Streamline Your Investments and Reduce Costs
Two factors contribute greatly to your returns and risk: asset diversification and investment expenses. Asset diversification, especially with professional guidance, helps you avoid putting too many eggs in one basket.
The cost to run your portfolio (e.g., mutual fund fees) affects how it performs as high costs can eat away at growth.
- Look up the underlying fund expenses on www.morningstar.com and ask why you need to buy A, B or C funds when there are less expensive options.
- Consolidate as many of your accounts as possible, especially old 401(k) and other retirement accounts that charge administrative fees, even if you left the employer. You may want to roll that 401(k) from the previous job into an individual retirement account, whose cost you can better control.

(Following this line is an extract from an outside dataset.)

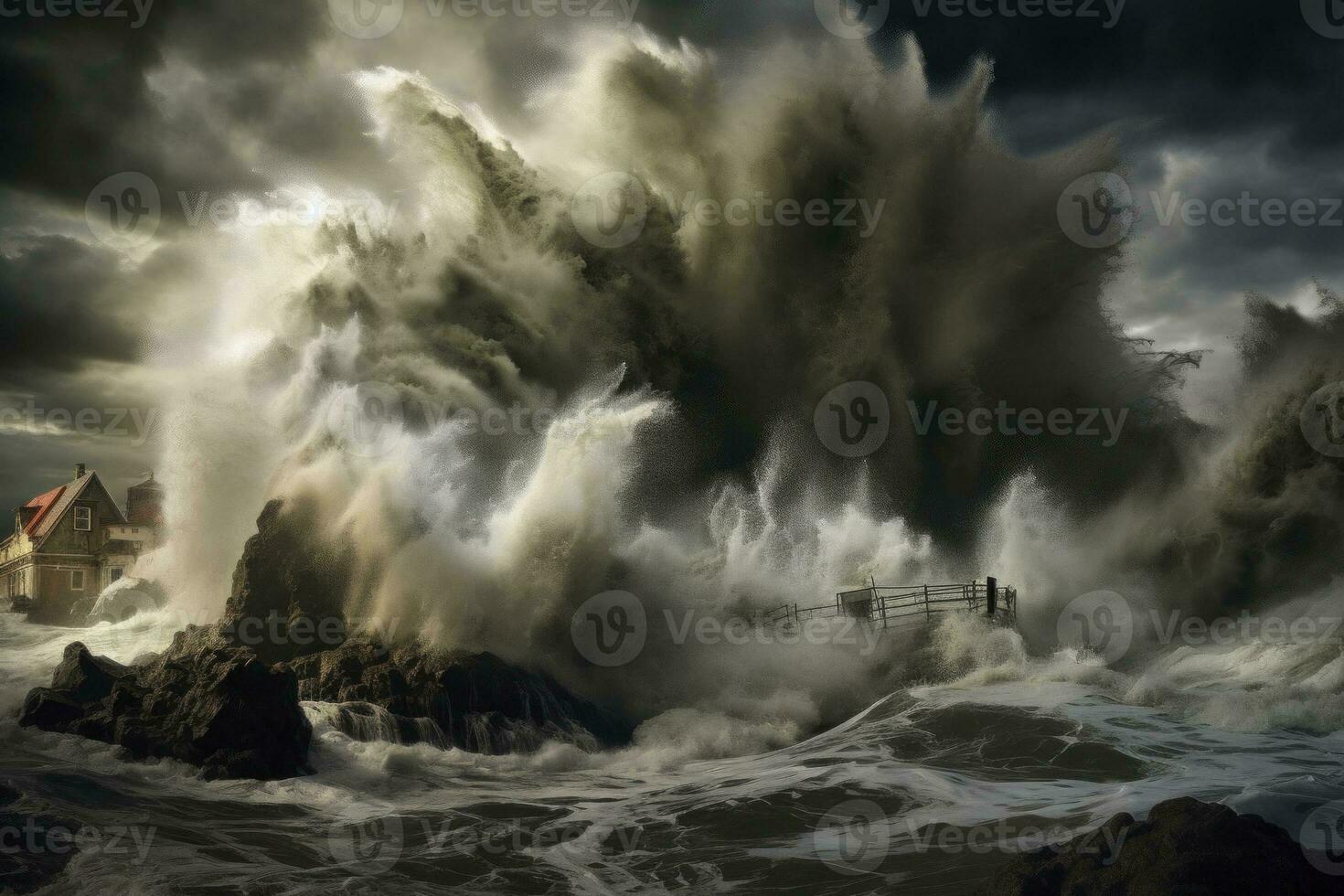 ai généré orage et orage le long de le côte, cette photo vitrines le intense Puissance de la nature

Pay Attention to Overlooked Assets (Social Security/Retirement Planning)
Social Security is an asset that is taken for granted for many folks. If you are tempted to take Social Security early, when first eligible at age 62, think again:
Your check is up to 25% lower than if you wait until what’s called full retirement age.
- Get grounded advice on the benefits of postponing benefits. If you begin receiving benefits from age 62 up to your full retirement age, your benefits will be reduced.
Married couples benefit additionally from Social Security planning strategies that can provide additional income. The Social Security Administration is not allowed to advise on strategies to maximize your benefits, so don’t expect to learn about this from the government.
And maybe you should work as long as possible. A financial planner can tell you how long you should work and what you should do in retirement to avoid outliving your assets.
Your Loved Ones Will Thank You (Estate Planning)
You could be handing an enormous mess to your heirs (that is, family and friends) if you don’t have your estate documents in order – or you have no estate documents. That means a will, a living will or health-care directive (governing medical treatments to prolong your life) and granting powers of attorney to a trusted person should you not be capable of running your own affairs.
One of the smartest estate planning techniques to help reduce estate taxes are irrevocable life insurance trusts (ILITs) that shelter your life insurance assets. While insurance benefits usually are tax-free, they still may be subject to estate taxes if the beneficiary is not your spouse. An ILIT allows you to give benefits to whomever you want. Your financial planner or estate attorney can tell you if this is a strategy you could use to increase your children’s inheritance.
Avoid Excessive Tax Payments
It pays to time IRA distributions if you work (or not); consider Roth IRA conversions (if you qualify, you pay taxes up-front on the account and then future appreciation is not taxed); and give charitably in the form of investments (instead of cash). Wise advisors consider which types of investments are best held in taxable accounts, which in tax-deferred accounts.